• _Try it_:
Starting at the line that holds "Ciudad Quesada - Rojales - La Marquesa Golf", restate every line word for word up to and including the last one in the listing below, and omit all pictures.

• _Recorded information_:
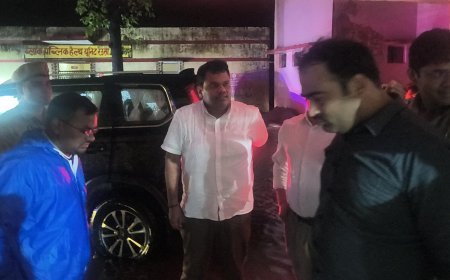 सीतापुर डीएम ने किया सीएचसी रेउसा का औचक निरीक्षण, मरीजों का जाना हाल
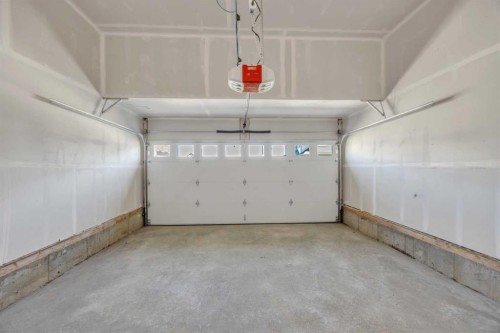 139 Homestead Common Ne, Calgary, AB - Indoor Photo Showing Garage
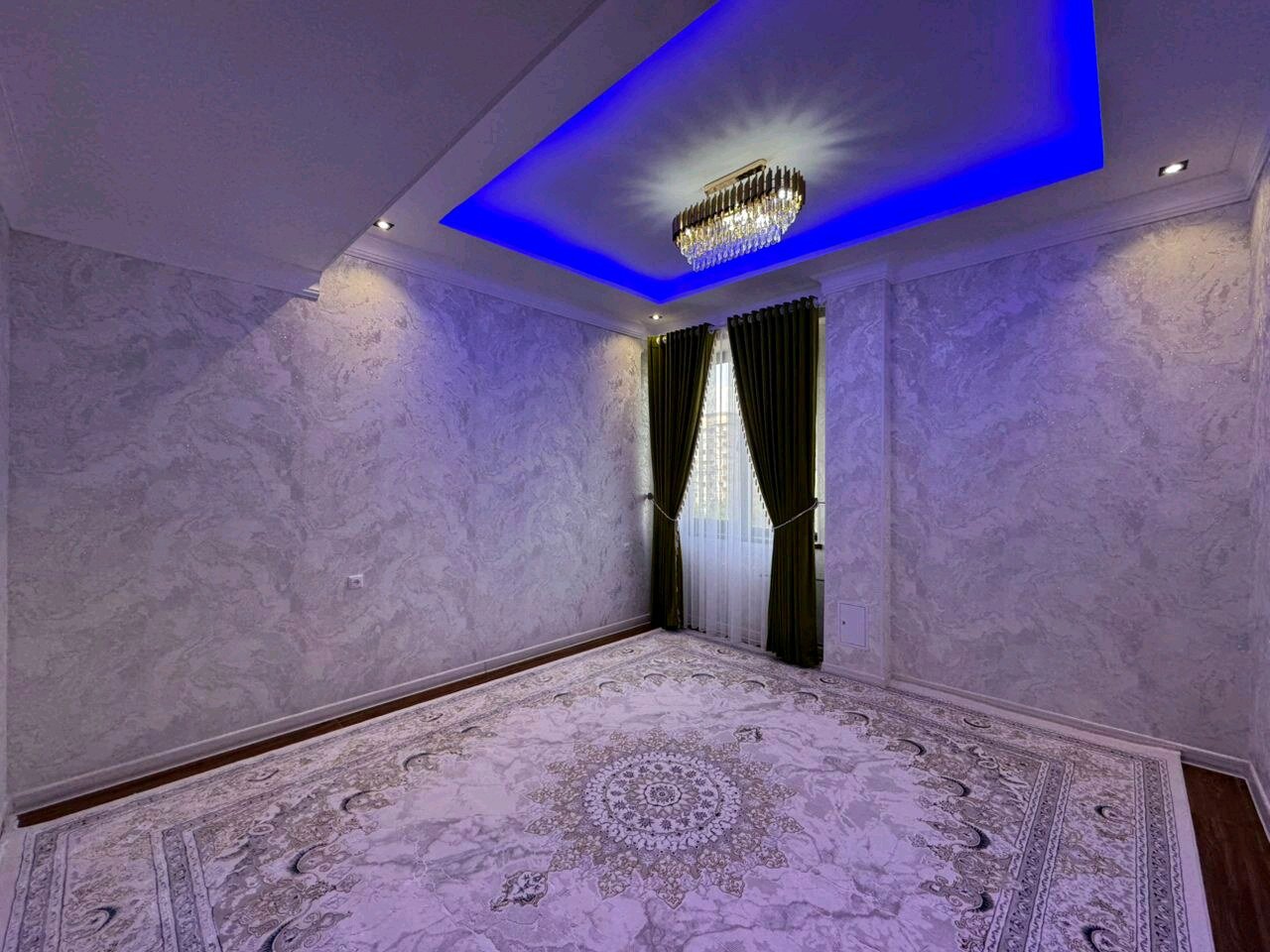 3-комнатная квартира в Душанбе, Фирдавси — фото 6, балкон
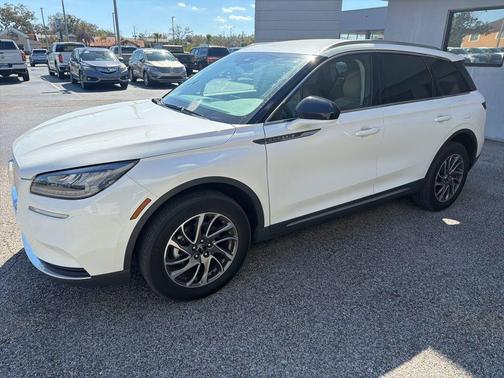 2022 Lincoln Corsair Standard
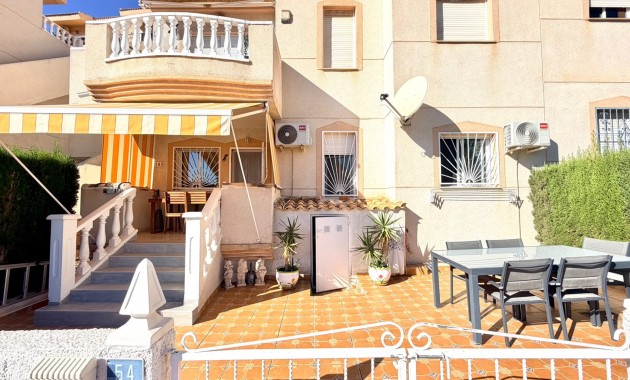 Sale - Apartment / flat -
Ciudad Quesada - Rojales - La Marquesa Golf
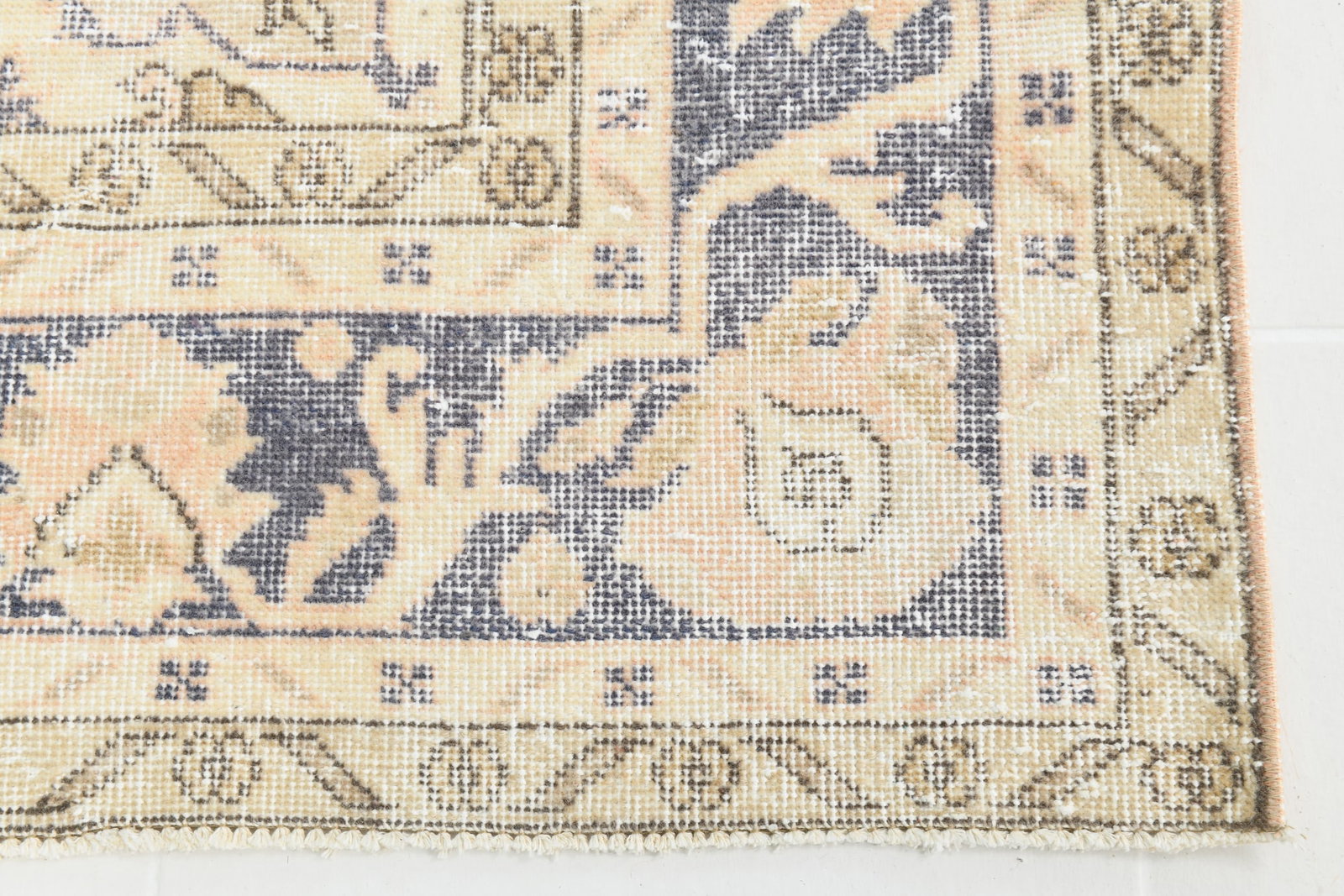6'11'' x 9'11'' Handmade Vintage Wool Rug - 17887 - 9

• _Output of the exercise_:
Ciudad Quesada - Rojales - La Marquesa Golf
6'11'' x 9'11'' Handmade Vintage Wool Rug - 17887 - 9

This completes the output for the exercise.